When the trailer for Kung Fu Panda came out, I thought it looked terrible. After finally catching up with it on DVD, I was pleasantly surprised how charming it was. It’s not Dreamworks policy to let a good movie stand on its own so Kung Fun Panda 2 was quickly put into production.
A bit too quickly unfortunately. Last week I said Pirates of the Caribbean: On Stranger Tides was Shadow of the Thin Man. Today Kung Fu Panda 2 is really Teenage Mutant Ninja Turtles II: Secret of the Ooze. Obviously.
Both films had characters who were outcasts who ended up being accepted after they saved the day with their awesome fighting skills. Instead of having a new adventure to advance the story, it’s time to look back into their past. After seeing a mysterious symbol, Po (Jack Black) has a memory of his parents. He realizes that he was adopted and decides to figure out who his real family is. He says he also needs to know “Who I am,” which is one of the more annoying character goals because it’s usually just who they always were. So just like when the turtles learned the secret of the ooze, the new information really didn’t matter and was already assumed. What an exciting story!
Meanwhile there is a new threat by ways of Lord Shen (Gary Oldman), a peacock with daddy issues. He uses gunpowder to make a weapon that will “end kung fu.” Lord Shen doesn’t really stack up as a worthy successor to the last villain, especially because he has a prophecy working against him. Whenever there is a prophecy in a film, it will always always always come true therefore removing any stakes and thrills.
Like the first film, the action scenes remain energetic and creative.
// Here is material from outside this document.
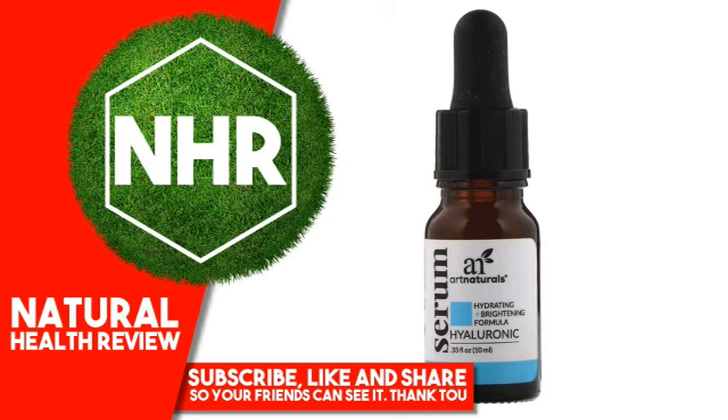Artnaturals Hyaluronic Serum. 0.33 fluid ounces, 10 milliliters.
One of the earlier scenes involving stopping some robbers is one of the highlights because it has all of the warriors fighting at once and working together. These scenes are good reasons for having so many characters, but when it comes down to plotting and dialog it feels crowded. I think Viper (Lucy Liu) and Monkey (Jackie Chan) only had one line apiece in the whole film. My favorite character from the last film, Shifu (Dustin Hoffman) is absent for majority of the running time.
Much like Shrek 2 felt a bit stale, but still watchable this one will entertain most of the original audience. However the last scene is a blunt set-up for the third film and that film doesn’t seem very interesting. I would try to beg that this series doesn’t become diluted, but this is Dreamworks. There has already been a lame Christmas special, a video game, a direct-to-DVD short film, rumors of a TV show, and at least two more movies on their way. It’s only going to get worse from here.